> [INSTRUCTIONS TO FOLLOW]:
Would you copy out each line of the records below that includes the word "having"?

(Short text fragments from websites)
━━━━━━━━━━━━━━━━

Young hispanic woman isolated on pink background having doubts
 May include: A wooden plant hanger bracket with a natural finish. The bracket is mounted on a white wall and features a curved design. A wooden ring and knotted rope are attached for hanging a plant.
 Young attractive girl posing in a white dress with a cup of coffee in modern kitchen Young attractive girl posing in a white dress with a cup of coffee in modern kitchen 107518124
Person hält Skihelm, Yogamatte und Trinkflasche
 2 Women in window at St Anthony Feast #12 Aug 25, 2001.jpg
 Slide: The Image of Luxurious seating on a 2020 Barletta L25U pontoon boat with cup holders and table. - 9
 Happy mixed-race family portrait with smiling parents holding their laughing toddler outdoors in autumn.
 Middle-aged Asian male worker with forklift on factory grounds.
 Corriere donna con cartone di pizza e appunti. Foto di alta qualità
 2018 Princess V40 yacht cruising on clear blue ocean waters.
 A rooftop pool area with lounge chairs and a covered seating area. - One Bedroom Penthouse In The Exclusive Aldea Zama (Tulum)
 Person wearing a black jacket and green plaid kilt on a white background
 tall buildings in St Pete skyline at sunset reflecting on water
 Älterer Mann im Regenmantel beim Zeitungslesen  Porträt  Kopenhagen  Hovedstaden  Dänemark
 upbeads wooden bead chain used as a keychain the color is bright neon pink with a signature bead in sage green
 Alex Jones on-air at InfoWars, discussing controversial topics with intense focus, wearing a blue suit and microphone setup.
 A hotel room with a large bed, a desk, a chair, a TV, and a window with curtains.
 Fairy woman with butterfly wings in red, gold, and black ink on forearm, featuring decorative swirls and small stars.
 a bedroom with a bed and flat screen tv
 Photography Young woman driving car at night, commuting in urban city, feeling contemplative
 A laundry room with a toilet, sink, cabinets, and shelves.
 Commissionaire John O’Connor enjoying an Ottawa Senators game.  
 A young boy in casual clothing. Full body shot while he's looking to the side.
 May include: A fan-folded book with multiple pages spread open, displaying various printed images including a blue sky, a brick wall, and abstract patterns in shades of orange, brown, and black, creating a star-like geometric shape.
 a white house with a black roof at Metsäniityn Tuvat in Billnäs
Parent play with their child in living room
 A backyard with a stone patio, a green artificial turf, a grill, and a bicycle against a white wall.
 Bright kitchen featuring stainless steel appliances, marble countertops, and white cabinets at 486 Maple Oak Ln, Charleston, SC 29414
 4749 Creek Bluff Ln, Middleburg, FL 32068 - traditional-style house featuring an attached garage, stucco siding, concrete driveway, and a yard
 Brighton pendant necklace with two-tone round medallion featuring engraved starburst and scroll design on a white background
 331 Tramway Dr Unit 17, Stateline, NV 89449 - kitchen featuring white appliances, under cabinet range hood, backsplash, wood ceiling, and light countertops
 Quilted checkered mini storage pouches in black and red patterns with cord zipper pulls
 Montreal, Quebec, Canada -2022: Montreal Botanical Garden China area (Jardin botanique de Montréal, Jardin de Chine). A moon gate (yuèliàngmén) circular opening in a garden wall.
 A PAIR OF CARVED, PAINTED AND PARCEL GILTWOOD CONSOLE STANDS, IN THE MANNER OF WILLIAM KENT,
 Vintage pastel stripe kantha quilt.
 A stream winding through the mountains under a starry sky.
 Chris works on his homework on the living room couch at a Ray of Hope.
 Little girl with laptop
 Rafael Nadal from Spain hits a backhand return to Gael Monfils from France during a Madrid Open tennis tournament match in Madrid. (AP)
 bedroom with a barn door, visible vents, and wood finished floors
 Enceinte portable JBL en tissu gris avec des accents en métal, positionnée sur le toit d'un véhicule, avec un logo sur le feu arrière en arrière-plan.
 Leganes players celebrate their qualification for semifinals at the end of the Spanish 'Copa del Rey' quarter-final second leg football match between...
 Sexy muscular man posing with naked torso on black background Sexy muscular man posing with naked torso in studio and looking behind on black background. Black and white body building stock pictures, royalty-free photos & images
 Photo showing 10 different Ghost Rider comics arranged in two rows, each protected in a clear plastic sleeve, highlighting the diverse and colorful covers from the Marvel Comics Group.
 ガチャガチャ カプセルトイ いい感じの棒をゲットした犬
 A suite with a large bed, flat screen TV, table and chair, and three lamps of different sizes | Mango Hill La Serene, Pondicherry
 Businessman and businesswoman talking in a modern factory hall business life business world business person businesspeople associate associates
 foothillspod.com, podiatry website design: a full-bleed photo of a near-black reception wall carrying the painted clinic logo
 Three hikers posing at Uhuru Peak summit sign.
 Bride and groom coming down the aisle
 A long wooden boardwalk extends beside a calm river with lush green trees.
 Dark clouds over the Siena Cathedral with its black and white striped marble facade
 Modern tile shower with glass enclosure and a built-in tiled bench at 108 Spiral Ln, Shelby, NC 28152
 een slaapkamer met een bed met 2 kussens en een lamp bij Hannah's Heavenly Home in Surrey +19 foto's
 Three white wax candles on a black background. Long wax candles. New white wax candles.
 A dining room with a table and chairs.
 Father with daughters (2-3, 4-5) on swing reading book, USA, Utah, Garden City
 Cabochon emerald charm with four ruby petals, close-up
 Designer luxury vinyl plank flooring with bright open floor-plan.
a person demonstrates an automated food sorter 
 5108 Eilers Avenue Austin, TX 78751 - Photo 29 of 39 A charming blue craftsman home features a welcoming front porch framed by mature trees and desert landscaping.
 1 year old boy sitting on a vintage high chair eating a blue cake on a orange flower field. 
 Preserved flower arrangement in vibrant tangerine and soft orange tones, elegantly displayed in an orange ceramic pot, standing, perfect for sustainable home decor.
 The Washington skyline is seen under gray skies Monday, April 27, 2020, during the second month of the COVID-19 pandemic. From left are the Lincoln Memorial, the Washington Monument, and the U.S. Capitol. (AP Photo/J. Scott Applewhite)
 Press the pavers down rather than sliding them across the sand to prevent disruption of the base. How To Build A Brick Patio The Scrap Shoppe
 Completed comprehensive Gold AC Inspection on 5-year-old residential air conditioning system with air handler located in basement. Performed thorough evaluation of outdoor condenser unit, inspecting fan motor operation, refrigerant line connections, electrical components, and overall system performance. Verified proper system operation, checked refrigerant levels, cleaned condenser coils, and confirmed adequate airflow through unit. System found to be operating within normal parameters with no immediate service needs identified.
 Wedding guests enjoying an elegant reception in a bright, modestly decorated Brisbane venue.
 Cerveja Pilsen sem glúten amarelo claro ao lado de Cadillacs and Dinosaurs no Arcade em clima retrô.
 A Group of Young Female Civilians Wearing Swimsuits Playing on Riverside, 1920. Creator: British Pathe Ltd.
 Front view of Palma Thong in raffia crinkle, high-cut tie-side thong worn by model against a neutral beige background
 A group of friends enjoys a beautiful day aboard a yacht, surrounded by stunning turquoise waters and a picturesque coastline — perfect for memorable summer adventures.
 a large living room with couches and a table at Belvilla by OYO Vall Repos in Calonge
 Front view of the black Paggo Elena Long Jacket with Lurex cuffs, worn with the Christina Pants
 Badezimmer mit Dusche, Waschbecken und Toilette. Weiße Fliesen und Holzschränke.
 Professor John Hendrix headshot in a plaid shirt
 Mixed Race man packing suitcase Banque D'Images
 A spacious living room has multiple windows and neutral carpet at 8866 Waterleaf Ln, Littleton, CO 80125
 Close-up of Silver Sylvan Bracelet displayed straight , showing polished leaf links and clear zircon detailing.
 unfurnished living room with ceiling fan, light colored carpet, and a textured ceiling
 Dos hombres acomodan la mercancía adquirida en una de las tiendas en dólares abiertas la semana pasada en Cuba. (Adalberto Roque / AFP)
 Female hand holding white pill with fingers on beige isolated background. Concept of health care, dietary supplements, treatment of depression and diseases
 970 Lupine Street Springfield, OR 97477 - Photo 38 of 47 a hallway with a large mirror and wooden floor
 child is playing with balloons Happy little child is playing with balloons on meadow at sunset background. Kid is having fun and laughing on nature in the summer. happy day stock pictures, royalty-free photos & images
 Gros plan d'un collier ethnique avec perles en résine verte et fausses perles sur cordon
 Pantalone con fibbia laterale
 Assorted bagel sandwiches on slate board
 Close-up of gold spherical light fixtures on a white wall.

━━━━━━━━━━━━━━━━

> [SOLVED EXERCISE]:
Young hispanic woman isolated on pink background having doubts
 child is playing with balloons Happy little child is playing with balloons on meadow at sunset background. Kid is having fun and laughing on nature in the summer. happy day stock pictures, royalty-free photos & images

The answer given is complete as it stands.